Une contribution « constitutionaliste » de James Buchanan, importante et éclairante pour la construction européenne, est l’analyse du fédéralisme fiscal (Brennan & Buchanan, 1980). Généralement, la séparation des pouvoirs est principalement pensée en termes de fonctions (législative, exécutive et judiciaire), mais elle peut aussi l’être en termes géographiques. La séparation géographique des pouvoirs est utile afin d’empêcher l’État de croître dans des proportions qui plaisent aux hommes politiques et aux administrations publiques mais nuisent à l’intérêt général, via la croissance parallèle de ce que Buchanan appelle le « Léviathan fiscal ». La décentralisation géographique des pouvoirs et de la charge fiscale permet aux citoyens de « voter avec leurs pieds » (Modèle de Tiebout (1956)), c’est-à-dire d’éviter l’imposition en quittant une région ou un pays pour un autre. Ce mécanisme, en mettant les états en compétition, ajoute une contrainte aux décideurs publics les forçant à mieux intégrer le coût que portent leurs décisions sur le bien-être des contribuables.

Le fédéralisme fiscal ne doit pas être interprété comme une ode à l’évasion fiscale. En effet, bien pensé, il permet à un citoyen ou une entreprise d’éviter l’imposition dans un état à la condition de renoncer en même temps aux services publics qu’elle finance.

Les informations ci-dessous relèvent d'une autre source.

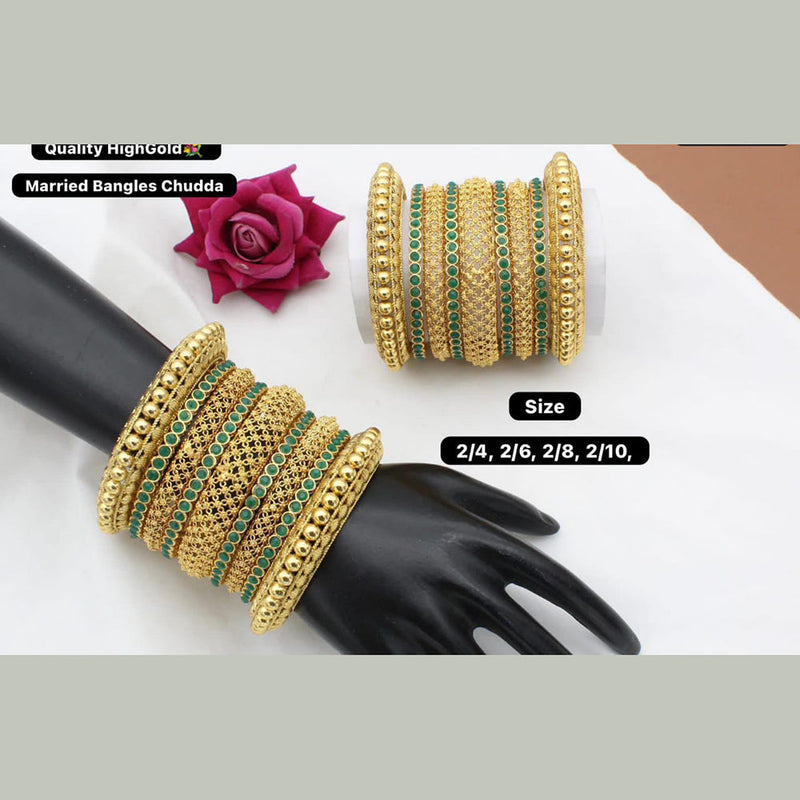 Manisha Jewellery Gold Plated Pota Stone Bangles Set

Il ne s’agit donc pas d’un jeu de passager clandestin (comme celui des paradis fiscaux), mais d’un moyen pour les citoyens de renoncer aux politiques publiques qu’ils ne jugent pas pertinentes de leur point de vue, seul qui compte. Le fédéralisme contraint donc les agents publics à mieux servir les agents privés, et non l’inverse.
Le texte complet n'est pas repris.